L’Opinion 14/10/2018 Nicolas Beytout
EditoPliera, pliera pas ? L’Italie doit remettre ce lundi à Bruxelles son projet de budget pour 2019, un exercice auquel se soumettent tous les pays membres de l’euro. Mais c’est une chose de respecter un calendrier, c’en est une autre de se conformer au fond. Depuis qu’ils sont arrivés au pouvoir, c’est devenu une spécialité de la Ligue et du Mouvement 5 Etoiles : tout ce qui vient de l’Europe doit être contesté. Le bras de fer concerne cette fois la folle accélération des dépenses publiques décidée par Rome, et le risque que cela fait peser sur une dette dont le poids est déjà supérieur de 30% à ce qu’il est en France (c’est dire).

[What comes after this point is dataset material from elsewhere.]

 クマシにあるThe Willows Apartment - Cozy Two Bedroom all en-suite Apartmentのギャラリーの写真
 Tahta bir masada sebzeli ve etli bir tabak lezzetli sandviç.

L’Italie a pourtant été largement avertie par ses partenaires au sein de l’euro, et les tensions déjà perceptibles sur les marchés financiers se sont chargées de souligner en rouge les risques qui pèsent sur son économie. Rien n’y fait : la péninsule tient bon, et renvoie les donneurs de leçon à leurs statistiques en soulignant que s’il y a un « homme malade » en Europe, c’est bien de la France et de ses doubles déficits (public et commercial) qu’il faut s’inquiéter.
On pourrait se rassurer en psalmodiant que « l’Europe avance toujours par crise ». C’est exact, mais la plupart du temps, ces grands moments de tension ont donné lieu à des avertissements, des marchandages, puis des arrangements et un apaisement. De nombreux pays, dont la France, l’ont expérimenté dans le passé avec à chaque fois en ligne de mire un règlement à l’amiable. Un peu de temps par-ci, un peu de souplesse par-là, les apparences et l’Europe étaient sauves.
Cette fois, c’est différent : élus sur un programme de rupture, les dirigeants italiens assument de défier Bruxelles. Comme la Hongrie avec la question migratoire, l’Italie refuse désormais ouvertement de jouer le jeu collectif et entend faire plier l’Europe. Et ça change tout.

A propos kozett

Deux phénomènes peuvent amener à une manipulation dans la prise en compte des informations par notre conscience : --> Le mirage qui voile et cache la vérité derrière les brumes de la sensiblerie et de la réaction émotionnelle. --> L’illusion qui est une interprétation limitée de la vérité cachée par le brouillard des pensées imposées. Celles-ci apparaissent alors comme plus réelles que la vérité qu’elles voilent, et conditionnent la manière dont est abordé la réalité … A notre époque médiatisée à outrance, notre vigilance est particulièrement requise !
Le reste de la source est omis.